Troubleshooting deployment issues

Common issues when creating or using deployments:
IssueCauseResolution
Deployment type unavailableModel doesn’t support the selected typeCheck model availability by deployment type
Quota exceededSubscription limit reached for tokens per minuteRequest quota increase at Azure Government AOAI Quota or use a different region
Region unavailableModel not deployed in selected regionSelect a region from the model’s availability list
Provisioned capacity unavailableNo PTU capacity in regionTry a different region or use DataZone Provisioned for broader availability
For Azure OpenAI quota limits by deployment type in Azure Government, see Quotas and limits in Azure OpenAI.

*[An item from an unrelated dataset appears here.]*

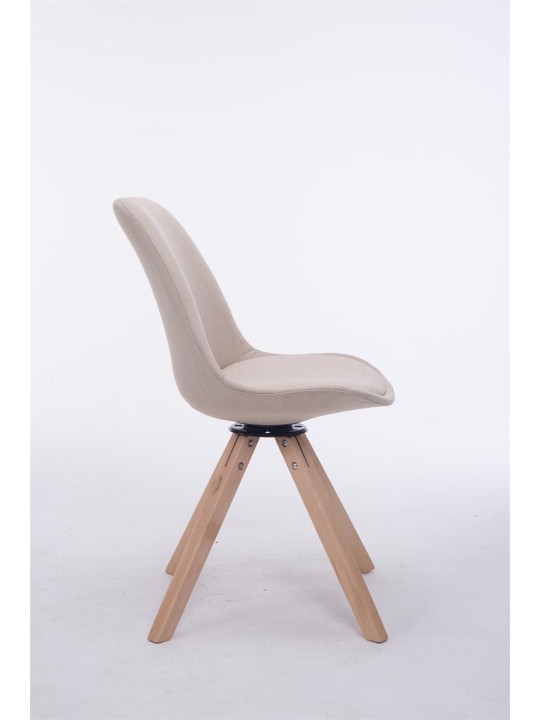Chaise visiteur carrée pivotante en tissu Natura Troyes, crème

Abuse Monitoring in Azure Government

Not all features of Abuse Monitoring are enabled for Azure OpenAI deployments in Azure Government. You are responsible for implementing reasonable technical and operational measures to detect and mitigate any use of the service in violation of the Product Terms. Automated Content Classification and Filtering remains enabled by default for Azure Government. If modified content filters are required, apply at Azure Government Modified Filter Application.